Not half as sorry as she was. “You made your regret fairly obvious, Mr. Roach.” Alice lifted her stubborn chin and stared past him to the rivets securing the front panel of the engine.
“And I’m sorry I left you last night and that I left you in Omaha.”
Alice met his gaze, seeing her own grief reflected back at her. Snow accumulated on the wide brim of his worn, stained hat and filled the notch in the crown. She wanted to tell him that he did not need to stop a train to tell her he found her lacking and unsuitable as both wife and mother. Instead she said nothing, using all her energy not to weep in front of him.
Dillen rubbed his neck. “I always figured you’d be better off without hitching yourself to my sorry carcass. I’ve accepted that I’m not ever going to be able to make the kind of money your granddad has.”
“I never expected you to.”
“You still don’t understand.”
Alice brushed the snow that clung, sticky and wet, to the lace veil of her wool hat. “I’m trying, but, Dillen, if you love me, why let me go again?”
“Alice, why can’t you see? You want me to accept your help.”
“Yes!”
“But you never needed mine.”
“What?”
 
; “I didn’t just leave because of the money.”

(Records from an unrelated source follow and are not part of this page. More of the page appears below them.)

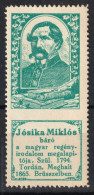Jósika Miklós Writer  Novelist / Hungary 1898 1914 History Portraits Label Cinderella Vignette - Book Ink Pen - Autres & Non Classés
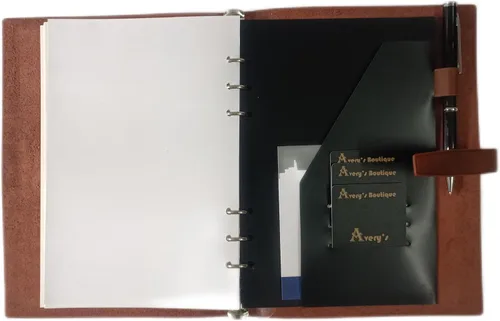 Miniatura 6 de Cuaderno de escritura en espiral de cuero genuino, cuaderno A5 con cubierta de cuero para hombres y mujeres, carpeta de 6 anillas, bloc de notas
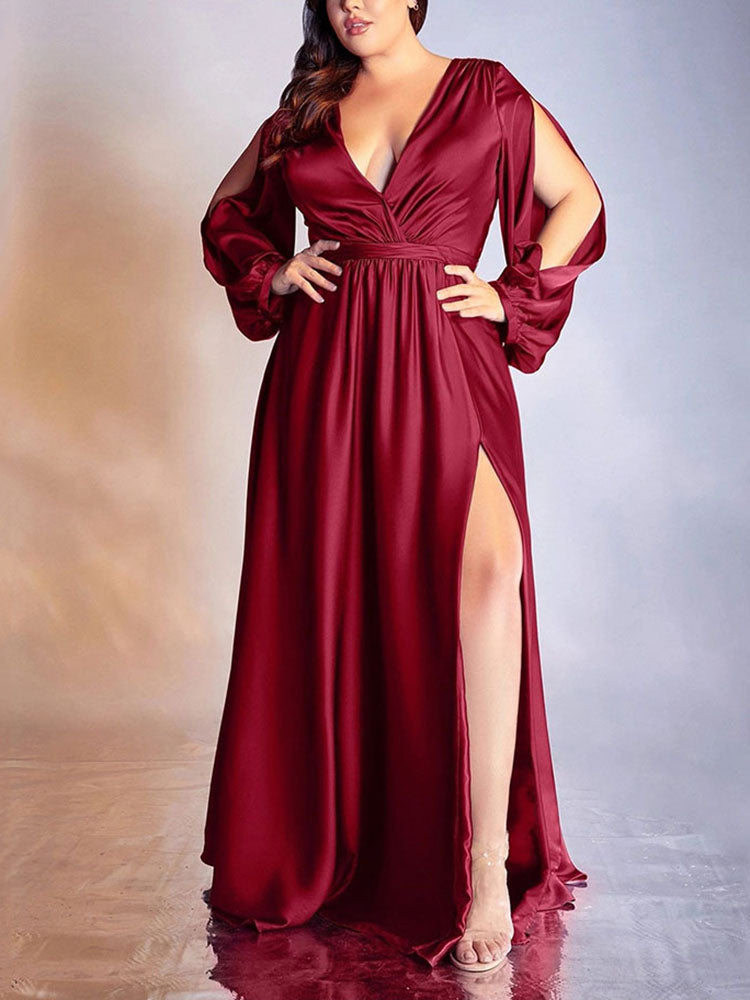 Solid Long Sleeve Slit Maxi Dress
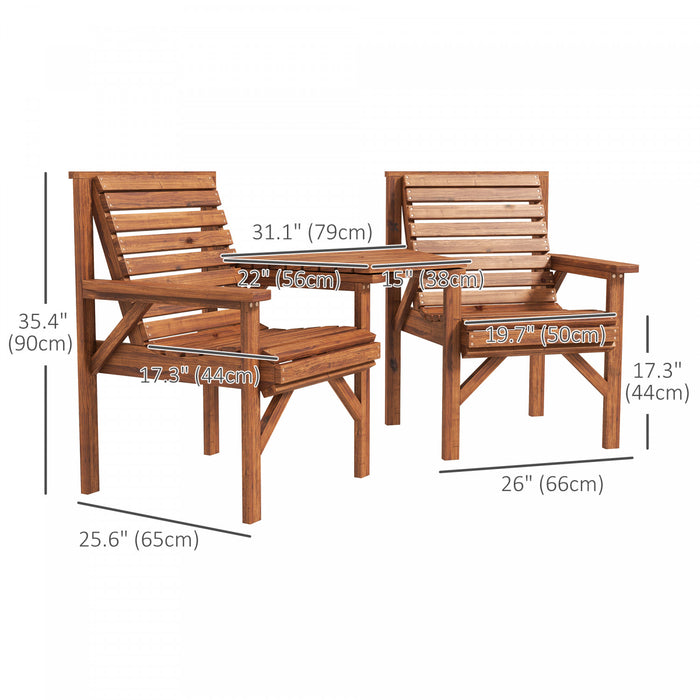 Outsunny Banc Exterieur 3 Pieces Pour Le Jardin, L'arriere-cour, Le Balcon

Why, then? Her stomach heaved at the possibilities, and she clasped both hands across her middle, forbidding herself the humiliation of being unwell before him.
“Oh, Alice, how do I make you understand? If you’d ever come to me ragged or needy, just once… If there was one single thing I could give you that you didn’t already have… But there’s nothing I’ve got that you need.”
She stared in horror for a moment.
“I want you. But I need a woman who needs me, too.”
Alice realized that this entire time all he wanted, all he needed, was the same thing that she did—to be essential to him.
“But you have everything I need in this world.”
His face showed disbelief, for what could he have that she could not buy?
“I need you to give me a home to call our own. I need you to give me love in the long cold nights. And I need you to give me children to adore. I don’t want an empty palace. I don’t want things. I’m sick to death of things. All I need in this world, Dillen Roach, is your arms around me and the love in your heart.”
Dillen stared at her in wonder. Her heart hammered as she waited for him to speak or to act. Was it enough? But for a long moment he just stood as the snow drifted silently down upon them from above. Then he opened his arms to her. Alice stepped forward happily.
“I can give you those things.”
She nodded, her tears wetting his sheepskin jacket. “And I’ll take them all, gladly.”
“I love you, Alice. Please don’t go.”
“Never,” she whispered.
Alice closed her eyes as the sorrow melted from her heart with the snow on her cheeks until she felt only the warmth of his embrace and the joy welling inside her like a hot spring.
Chapter Fourteen
Alice had taken note of the names of the engineer and his fellows before she departed with Dillen, riding double on Dasher. Had she really tried to throw away her grandmother’s cameo brooch in Mrs. Pellet’s home? Yes, she had, because all this time she thought it was those things, those wretched, glittering alluring things that had kept Dillen from her these two long years, when all the time it had been her inability to let Dillen help her. The need to be needed. We all have it. Why hadn’t she seen that her armor of wealth had made him think he wasn’t fundamental to her happiness?